/---

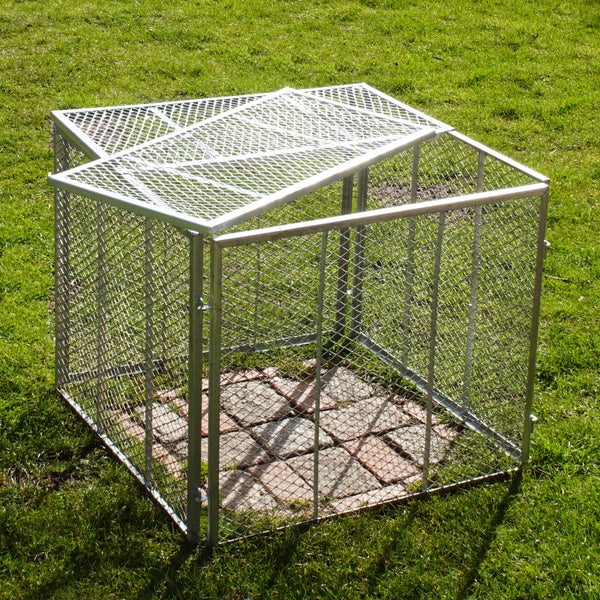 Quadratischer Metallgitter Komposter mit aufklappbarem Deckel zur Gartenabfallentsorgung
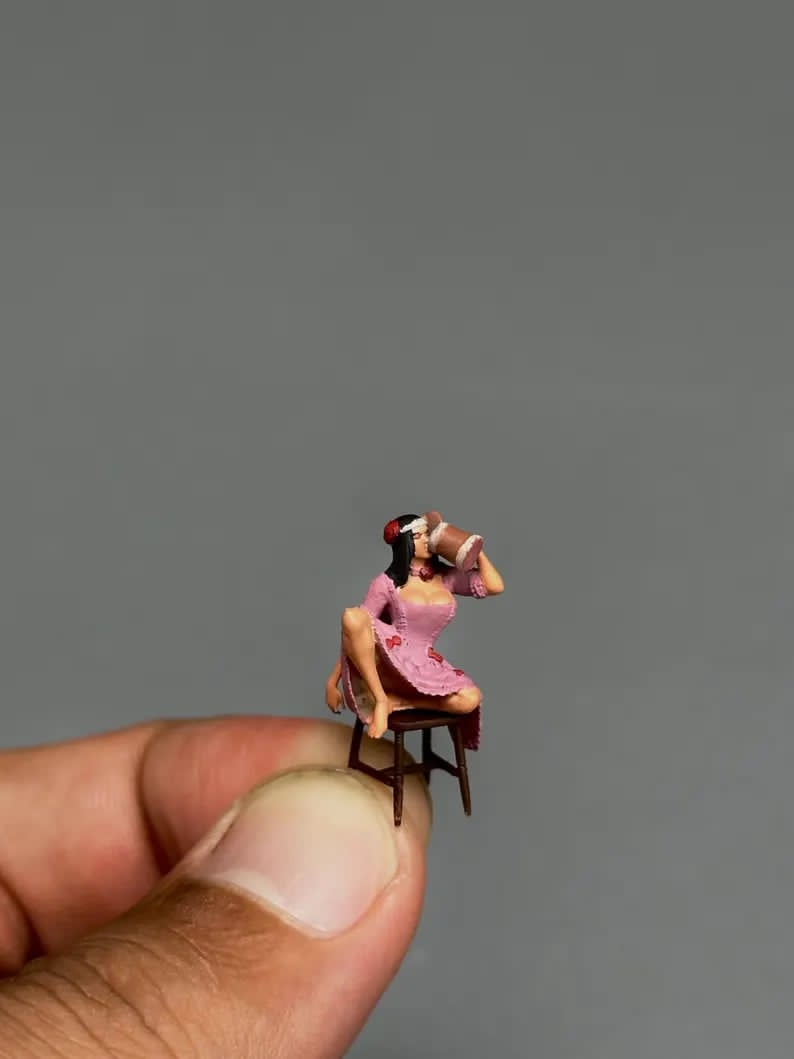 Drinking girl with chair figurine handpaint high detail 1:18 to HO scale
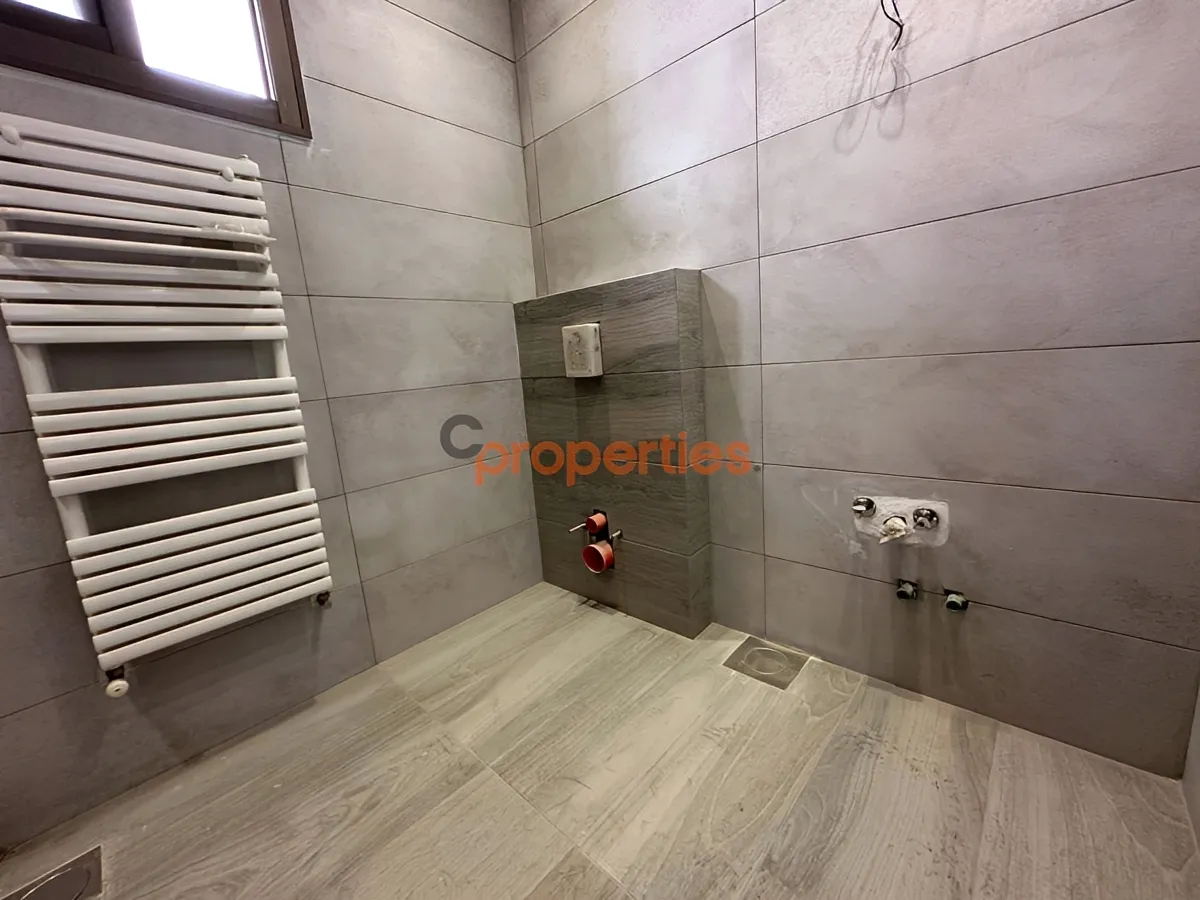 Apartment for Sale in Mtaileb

\---
/---

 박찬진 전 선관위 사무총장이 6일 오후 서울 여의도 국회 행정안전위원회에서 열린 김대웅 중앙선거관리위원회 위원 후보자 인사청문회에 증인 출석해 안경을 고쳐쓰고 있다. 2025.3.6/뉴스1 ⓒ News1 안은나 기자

\---

From the material above, give again exactly the lines from the one that contains "Quadratischer Metallgitter Komposter" through the one that contains "Apartment for Sale in Mtaileb", and leave out the pictures.

**OUTPUT FOR THIS EXERCISE**
 Quadratischer Metallgitter Komposter mit aufklappbarem Deckel zur Gartenabfallentsorgung
 Drinking girl with chair figurine handpaint high detail 1:18 to HO scale
 Apartment for Sale in Mtaileb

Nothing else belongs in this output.